■ **TASK**
Could you print the stretch of lines below from the one with "The Sombrero Galaxy The Sombrero Galaxy" through the one with "2025 Nissan Murano AWD SL", exactly as they stand and without any pictures?

■ **RECORDS FOR PROCESSING**
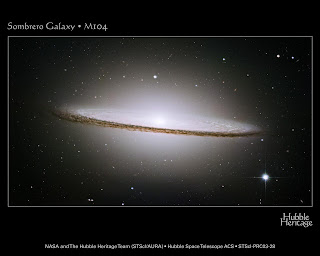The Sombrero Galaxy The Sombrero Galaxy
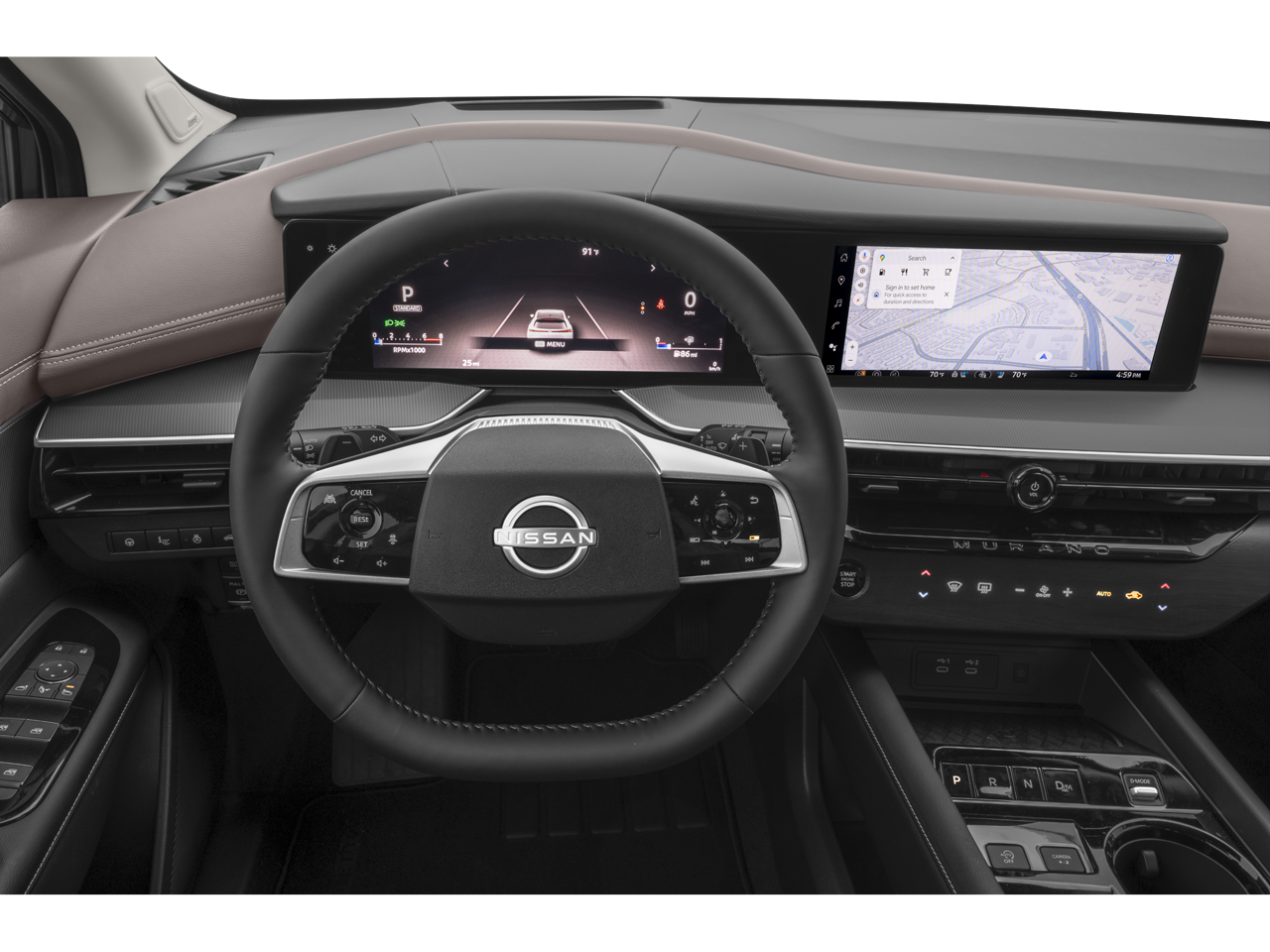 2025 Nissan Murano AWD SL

--

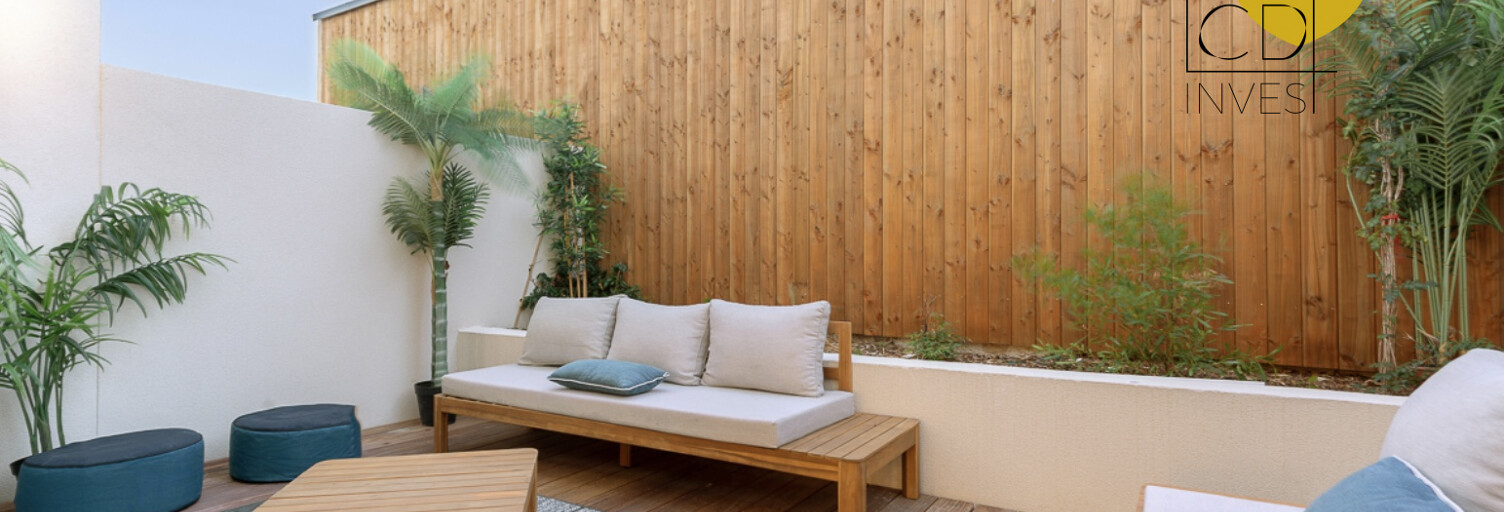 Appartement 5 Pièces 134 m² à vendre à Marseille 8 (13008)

---

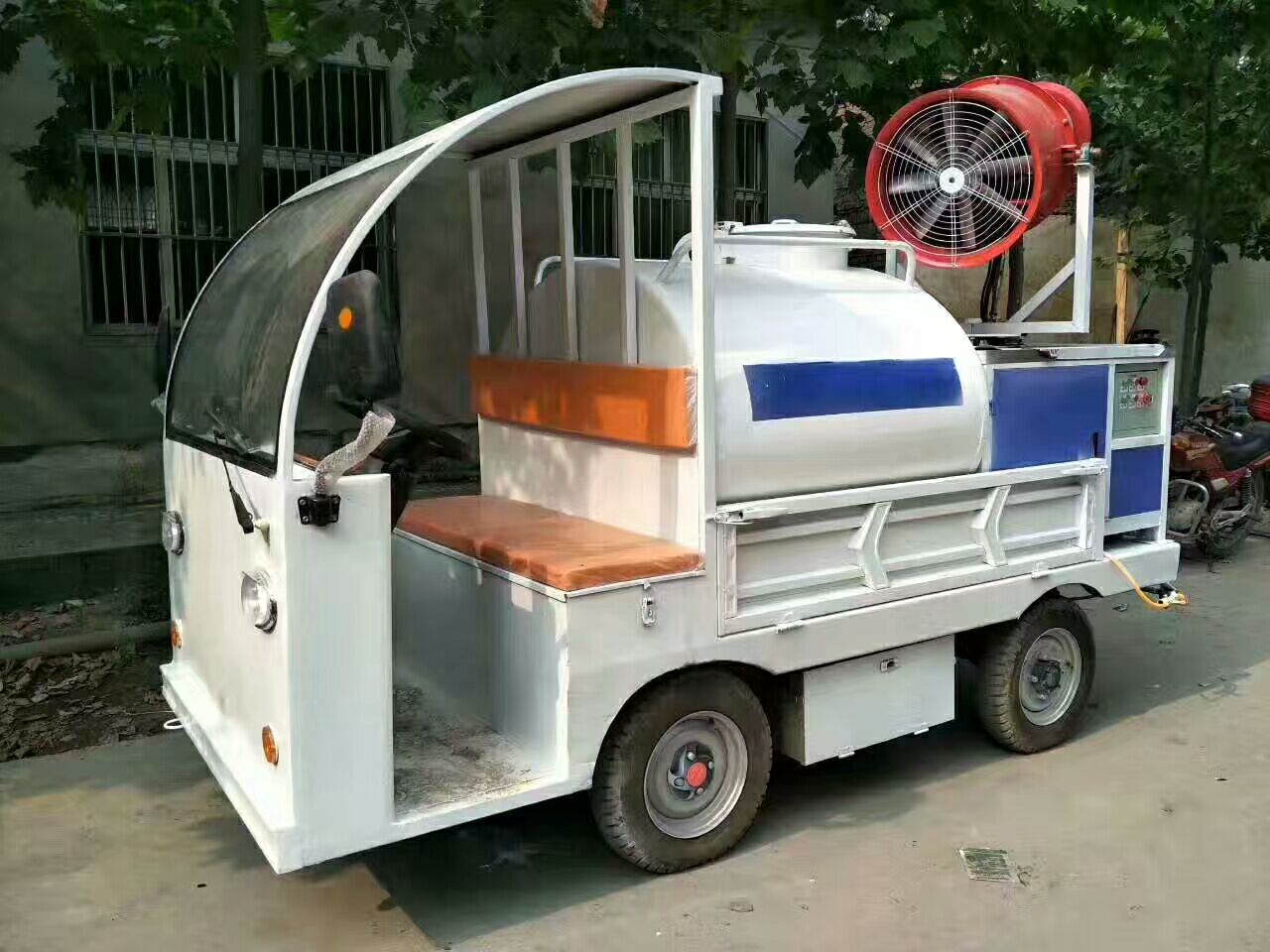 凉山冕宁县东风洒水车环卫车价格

■ **FINAL ANSWER**
The Sombrero Galaxy The Sombrero Galaxy
 2025 Nissan Murano AWD SL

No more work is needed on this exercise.